**TASK GOAL**
Every line of the material has to be retyped exactly.

**MATERIAL FOR THE TASK**
____________

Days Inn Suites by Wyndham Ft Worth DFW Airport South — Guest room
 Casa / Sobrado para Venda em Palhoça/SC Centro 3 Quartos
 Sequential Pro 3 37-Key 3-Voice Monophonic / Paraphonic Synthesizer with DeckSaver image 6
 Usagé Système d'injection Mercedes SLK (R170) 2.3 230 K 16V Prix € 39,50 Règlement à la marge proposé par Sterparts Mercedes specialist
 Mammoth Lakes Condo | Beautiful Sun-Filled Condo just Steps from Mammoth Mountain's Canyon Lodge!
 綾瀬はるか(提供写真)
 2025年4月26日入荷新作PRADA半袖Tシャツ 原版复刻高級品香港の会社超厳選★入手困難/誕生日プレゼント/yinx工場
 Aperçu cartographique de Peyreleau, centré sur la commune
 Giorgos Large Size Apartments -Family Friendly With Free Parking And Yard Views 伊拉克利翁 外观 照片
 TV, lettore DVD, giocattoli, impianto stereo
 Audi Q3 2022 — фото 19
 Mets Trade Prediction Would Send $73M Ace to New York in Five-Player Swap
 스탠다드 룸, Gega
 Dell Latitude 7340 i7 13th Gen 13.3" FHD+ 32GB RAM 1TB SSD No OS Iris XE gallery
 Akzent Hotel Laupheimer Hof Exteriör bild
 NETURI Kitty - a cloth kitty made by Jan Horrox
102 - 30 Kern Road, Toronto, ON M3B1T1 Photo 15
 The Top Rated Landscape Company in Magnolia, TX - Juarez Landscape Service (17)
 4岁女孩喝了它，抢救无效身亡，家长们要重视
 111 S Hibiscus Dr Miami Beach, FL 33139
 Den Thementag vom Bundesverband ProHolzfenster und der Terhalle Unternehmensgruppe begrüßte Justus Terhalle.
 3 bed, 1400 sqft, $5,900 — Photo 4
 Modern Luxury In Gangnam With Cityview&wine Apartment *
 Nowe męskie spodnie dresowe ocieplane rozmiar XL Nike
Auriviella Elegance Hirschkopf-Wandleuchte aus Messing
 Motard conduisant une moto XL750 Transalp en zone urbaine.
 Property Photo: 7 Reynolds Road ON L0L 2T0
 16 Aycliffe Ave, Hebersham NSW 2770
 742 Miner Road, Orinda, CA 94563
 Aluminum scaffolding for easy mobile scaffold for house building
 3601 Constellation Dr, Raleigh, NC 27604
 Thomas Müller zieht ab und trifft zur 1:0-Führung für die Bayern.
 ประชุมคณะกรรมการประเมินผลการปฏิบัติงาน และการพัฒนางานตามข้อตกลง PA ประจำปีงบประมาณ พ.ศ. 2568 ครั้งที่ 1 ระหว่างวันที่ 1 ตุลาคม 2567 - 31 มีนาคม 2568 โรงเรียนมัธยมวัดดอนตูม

____________

**TASK ANSWER**
Days Inn Suites by Wyndham Ft Worth DFW Airport South — Guest room
 Casa / Sobrado para Venda em Palhoça/SC Centro 3 Quartos
 Sequential Pro 3 37-Key 3-Voice Monophonic / Paraphonic Synthesizer with DeckSaver image 6
 Usagé Système d'injection Mercedes SLK (R170) 2.3 230 K 16V Prix € 39,50 Règlement à la marge proposé par Sterparts Mercedes specialist
 Mammoth Lakes Condo | Beautiful Sun-Filled Condo just Steps from Mammoth Mountain's Canyon Lodge!
 綾瀬はるか(提供写真)
 2025年4月26日入荷新作PRADA半袖Tシャツ 原版复刻高級品香港の会社超厳選★入手困難/誕生日プレゼント/yinx工場
 Aperçu cartographique de Peyreleau, centré sur la commune
 Giorgos Large Size Apartments -Family Friendly With Free Parking And Yard Views 伊拉克利翁 外观 照片
 TV, lettore DVD, giocattoli, impianto stereo
 Audi Q3 2022 — фото 19
 Mets Trade Prediction Would Send $73M Ace to New York in Five-Player Swap
 스탠다드 룸, Gega
 Dell Latitude 7340 i7 13th Gen 13.3" FHD+ 32GB RAM 1TB SSD No OS Iris XE gallery
 Akzent Hotel Laupheimer Hof Exteriör bild
 NETURI Kitty - a cloth kitty made by Jan Horrox
102 - 30 Kern Road, Toronto, ON M3B1T1 Photo 15
 The Top Rated Landscape Company in Magnolia, TX - Juarez Landscape Service (17)
 4岁女孩喝了它，抢救无效身亡，家长们要重视
 111 S Hibiscus Dr Miami Beach, FL 33139
 Den Thementag vom Bundesverband ProHolzfenster und der Terhalle Unternehmensgruppe begrüßte Justus Terhalle.
 3 bed, 1400 sqft, $5,900 — Photo 4
 Modern Luxury In Gangnam With Cityview&wine Apartment *
 Nowe męskie spodnie dresowe ocieplane rozmiar XL Nike
Auriviella Elegance Hirschkopf-Wandleuchte aus Messing
 Motard conduisant une moto XL750 Transalp en zone urbaine.
 Property Photo: 7 Reynolds Road ON L0L 2T0
 16 Aycliffe Ave, Hebersham NSW 2770
 742 Miner Road, Orinda, CA 94563
 Aluminum scaffolding for easy mobile scaffold for house building
 3601 Constellation Dr, Raleigh, NC 27604
 Thomas Müller zieht ab und trifft zur 1:0-Führung für die Bayern.
 ประชุมคณะกรรมการประเมินผลการปฏิบัติงาน และการพัฒนางานตามข้อตกลง PA ประจำปีงบประมาณ พ.ศ. 2568 ครั้งที่ 1 ระหว่างวันที่ 1 ตุลาคม 2567 - 31 มีนาคม 2568 โรงเรียนมัธยมวัดดอนตูม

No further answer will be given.